And it has to do with the claims to the land, the claims made by Palestinians, the claims made by Jewish people. And yet, as you look at this, we simply have to understand that there was something more basically anti-Semitic in all of this. And now it’s burst out onto the streets. It’s burst out into arguments being made on American college campuses that support Jihad against Israel, that support a vision, which is the vision of Hamas as an extremist, Islamist terrorist organization of reclaiming the land all the way from the sea to the river. That means Israel will no longer exist. And if you think that’s not theologically and ethnically specifically anti-Semitic directed, well, you just need to look at their own words, because that means no Jews will dwell in the land.

But in the ideological soup that is so much of the progressive left on America’s college and university campuses, and not just in the United States, but around the world, particularly in Western Europe and in the United States but increasingly the United States is kind of the vanguard of much of this leftist thought.

It had been originally in one sense, German and French, and it spread into the English-speaking world, and now it is spreading across America’s elite college campuses like wildfire. And it is a very dangerous mix of toxic ideologies. One in particular we need to consider today. And it goes under the name of settler colonialism. And my guess is most of you have never heard about this ideology or this theory, but you need to know about it because this is what is driving academically, ideologically, intellectually what’s going on here.

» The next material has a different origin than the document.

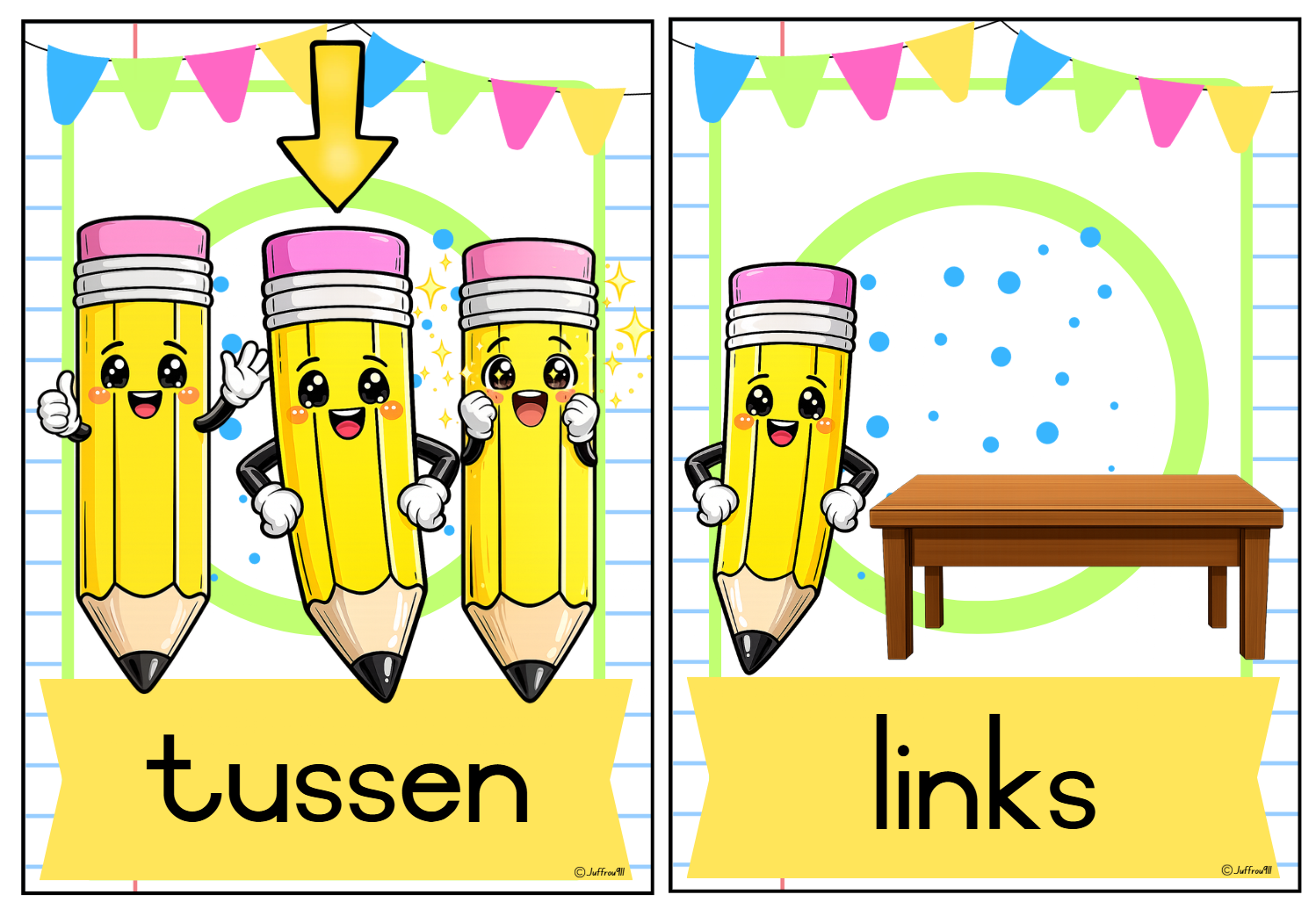 Editable Hands & Pencils Products: Afrikaans + English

Now, we need to reverse history just a little bit and remind ourselves of a couple of words and where they come from. And so you had empire as in well, the Roman Empire, the Babylonian Empire. This was a big imperial power. What made an empire, an empire rather than just a nation, is that an empire claimed dominion over different kinds of peoples. And so if you just had Rome, that would be a Roman kingdom or principality, but Rome was far more than that. Rome assimilated in its vastness just as Babylonia or Ancient Egypt assimilated in its vastness and in its reach.

All three of those empires, Rome, Babylon, and Egypt, all of them like the Assyrians, and those who came before, had established empires in the sense defined by the fact they had different peoples, different nations, ethne as the word appears in the Scripture included within their domain. Now, you fast-forward and reach from the Roman Empire. Let’s go through the Holy Roman Empire, which was Europe and the medieval ages. Let’s go to Britain, the British Empire. As you look at the 19th century, it was the age of empires, and in many cases, it was European empires. The French had an empire, the Dutch had an empire, and there were others, including Belgium and Germany, or at least the German states, they had empires. But the British Empire eventually became the most imperial of all, so to speak. By the time you get to the late 19th century, the British Empire largely represented by the power of the British Navy, was covering a decent percentage of the world’s surface, and it was the most comprehensive empire the world had ever seen.

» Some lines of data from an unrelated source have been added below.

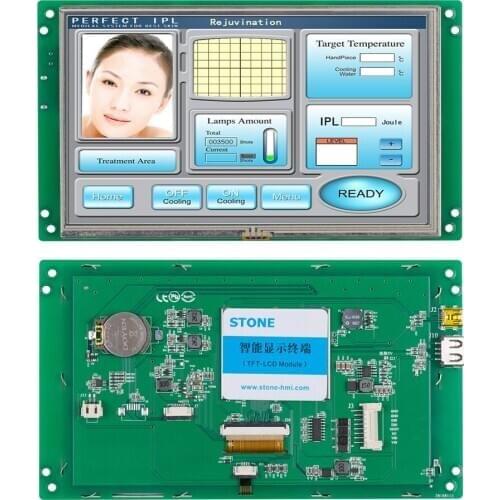 7.0 Inch Intelligent Display Screen with RS232/RS485 Port for Smart Home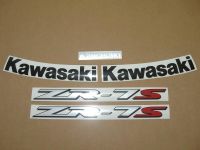 Kawasaki ZR-7S 2003 - Silver Version - Decalset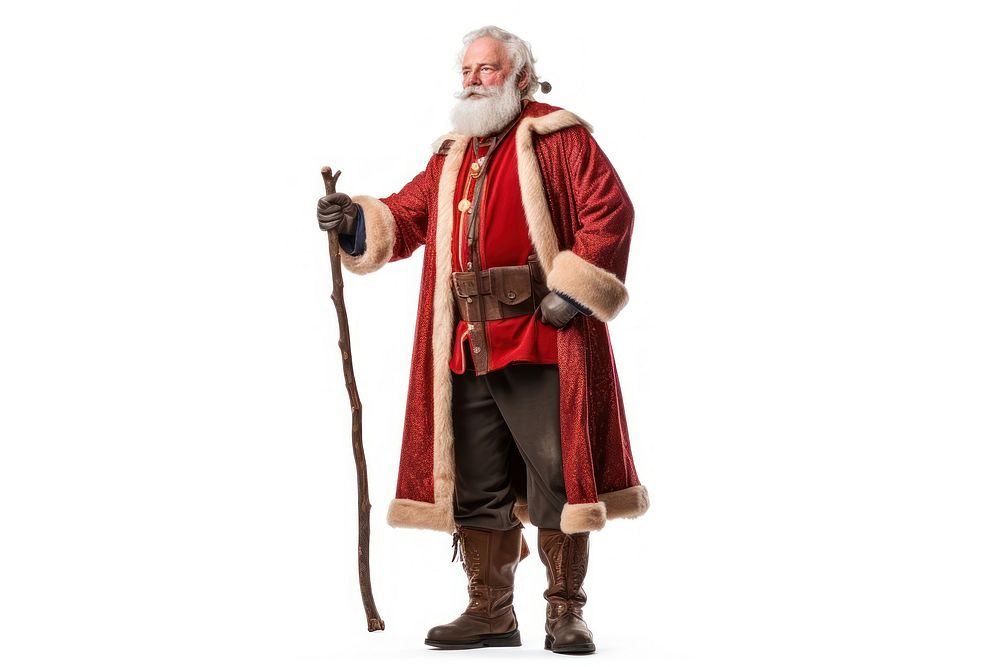 Costume adult white background santa claus. AI generated Image by rawpixel.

And there were those who looked at it and said, “We like this.” And there were those who looked at it and said, “We hate this.” And clearly, within the domain of empire, there is the element of coercion. And yet as Paul Johnson, the British historian pointed out in the 20th century, the question of the morality of empires is one of the most difficult that human beings can consider. Because it’s true that the British Empire brought its imperial force, brought its colonialism, moral on that in just a moment, brought its navy brought its troops. It also ended up bringing things like plumbing and portable water and modern medicine and modern democratic theory of constitutional self-government. There were understandings of human rights that were brought by the British Empire. And I think most people around the world and Christians in particular would say those groundings of human rights essentially grounded in a biblical worldview of human beings were essential, are essential to human civilization, human flourishing, and human dignity.

But Christians understand that in a fallen world, some things can be a very mixed picture. And empire is one of those mixed pictures. Intellectual honesty just requires saying yes. Empires, they require force. In some cases, they also lead to extraction. You have diamond mines in the southern tip of Africa that are owned by British imperialists like Cecil Rhodes as in Rhodes Scholars. And you just don’t deny the fact that there was coercion, there was extraction, there was oppression in many cases. But at the same time, as you just think about some of those places, some of those nations that became a part of the European empires, quite frankly, they were unable to feed themselves. They were warring nations of various ethnicities without any kind of national government. They did not function well socially. They had no access to modern technology. And in case of human rights, just to give the example made famous by William Carey, one of the early missionaries of course to India, as William Carey pointed out, when he got to India, widows were expected to be burned alive on their husband’s funeral pyres, the practice that was known as sati.

And yes, the British Empire put an end to that. It was a mixed picture, and that’s what intellectual honesty requires. And Christians are prepared to say that We’re prepared to say that in every single war, it’s a mixed picture. But just to take the case of World War II, it was not a mixed picture where you could say on the one hand, on the other hand. It’s a mixed picture saying that no war can be conducted with absolutely clean hands, but it is absolutely insane to say that the two sides were on equal moral grounding in World War II. It meant everything for the future of human dignity and human civilization that Nazi Germany was defeated, just to give one example.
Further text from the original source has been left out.